| Type: | Package | 
| Title: | Optimization via Subsampling (OPTS) | 
| Version: | 0.1 | 
| Date: | 2022-05-20 | 
| Maintainer: | Mihai Giurcanu <giurcanu@uchicago.edu> | 
| Author: | Mihai Giurcanu [aut, cre], Marinela Capanu [aut, ctb], Colin Begg [aut], Mithat Gonen [aut] | 
| Imports: | MASS, cvTools, changepoint | 
| Description: | Subsampling based variable selection for low dimensional generalized linear models. The methods repeatedly subsample the data minimizing an information criterion (AIC/BIC) over a sequence of nested models for each subsample.
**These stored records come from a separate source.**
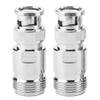2pcs Type N Female to BNC Male RF Connector Coaxial Adapter Test Converter with Medium Frequency Copper Material for RF Testing view 4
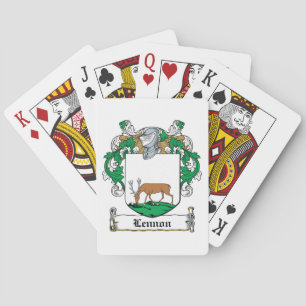 Baraja De Cartas Escudo de la familia de Lennon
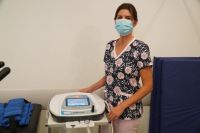 El Hospital Madre Catalina sumó equipamiento para rehabilitación kinésica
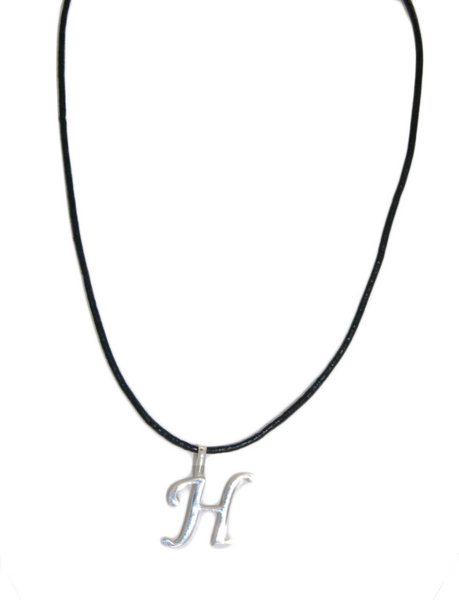 Sterling Silver Initial "H" Necklace - 75% off!
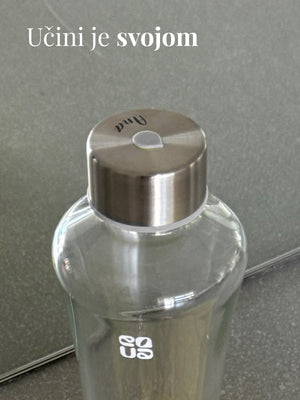 EQUA Active Lemon staklena boca 550 ml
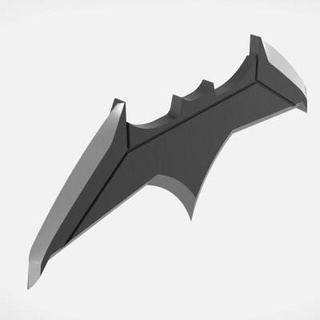 batarang 1 batman superhombre vidrio 3d print model - Mito3D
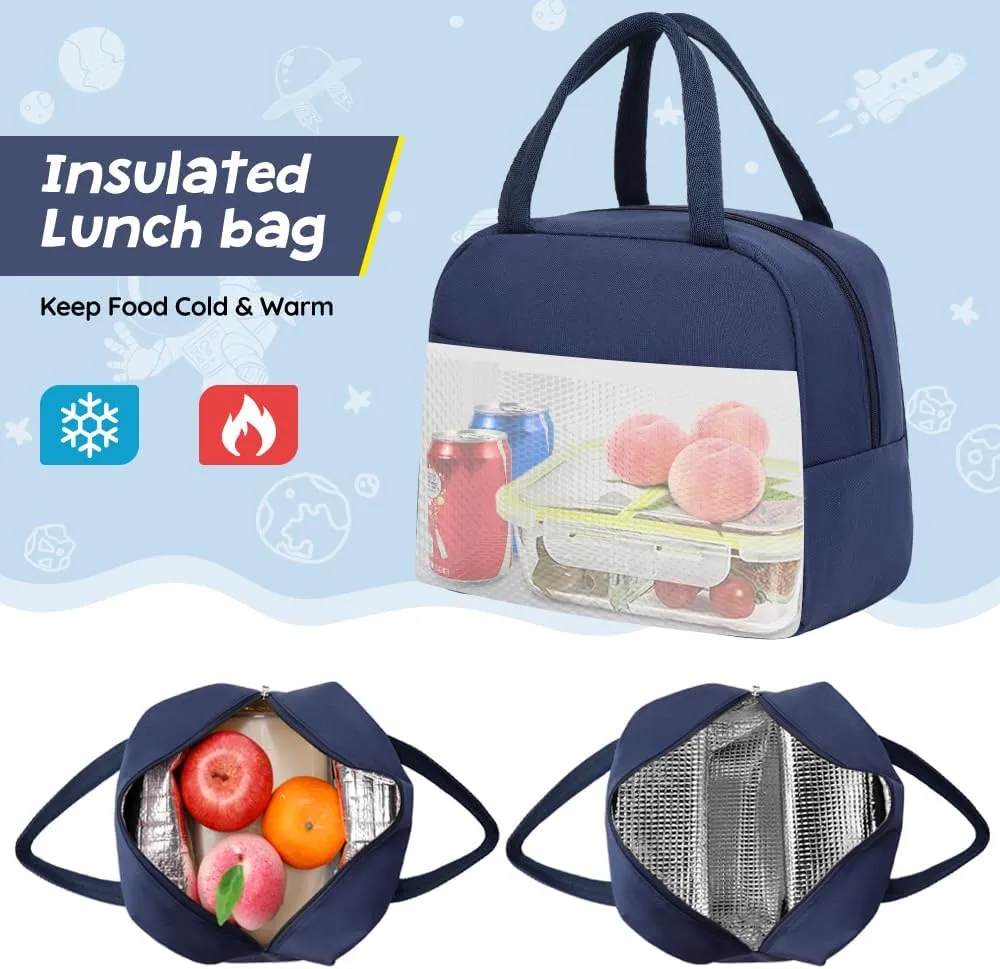 Waterproof Lightweight Backpack for Girls with Lunch Bag
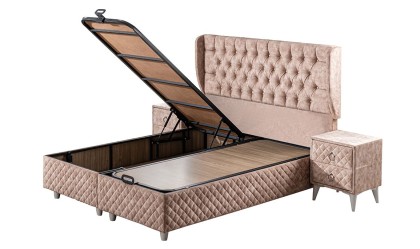 Medusa Home Mobilya - Sunshine Set Baza Başlık Yatak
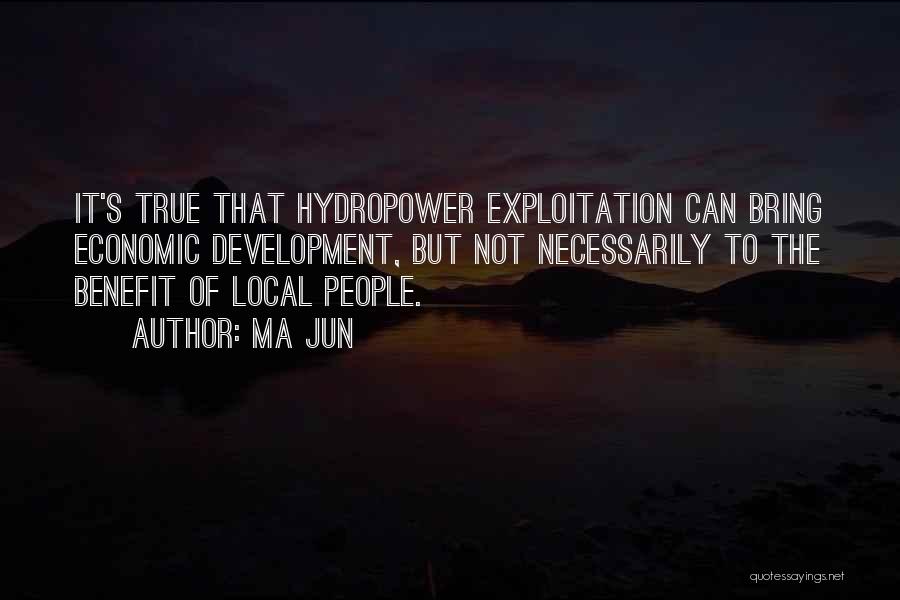 Hydropower Quotes By Ma Jun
Marinela Capanu, Mihai Giurcanu, Colin B Begg, Mithat Gonen, Subsampling based variable selection for generalized linear models. | 
| License: | GPL-2 | 
| NeedsCompilation: | no | 
| Packaged: | 2022-05-24 14:16:53 UTC; mgiurcanu | 
| Repository: | CRAN | 
| Date/Publication: | 2022-05-25 07:50:08 UTC | 
Optimization via Subsampling (OPTS)
Description
opts computes the OPTS MLE in low dimensional
case.
Usage
opts(X, Y, m, crit = "aic", prop_split = 0.5, cutoff = 0.75, ...)
Arguments
X | 
 n x p covariate matrix (without intercept)  | 
Y | 
 n x 1 binary response vector  | 
m | 
 number of subsamples  | 
crit | 
 information criterion to select the variables: (a) aic = minimum AIC and (b) bic = minimum BIC  | 
prop_split | 
 proportion of subsample size and sample size, default value = 0.5  | 
cutoff | 
 cutoff used to select the variables using the stability selection criterion, default value = 0.75  | 
... | 
 other arguments passed to the glm function, e.g., family = "binomial"  | 
Value
opts returns a list:
betahat | 
 OPTS MLE of regression parameter vector  | 
Jhat | 
 estimated set of active predictors (TRUE/FALSE) corresponding to the OPTS MLE  | 
SE | 
 standard error of OPTS MLE  | 
freqs | 
 relative frequency of selection for all variables  | 
Examples
require(MASS)
P = 15
N = 100
M = 20
BETA_vector = c(0.5, rep(0.5, 2), rep(0.5, 2), rep(0, P - 5))
MU_vector = numeric(P)
SIGMA_mat = diag(P)
X <- mvrnorm(N, MU_vector, Sigma = SIGMA_mat)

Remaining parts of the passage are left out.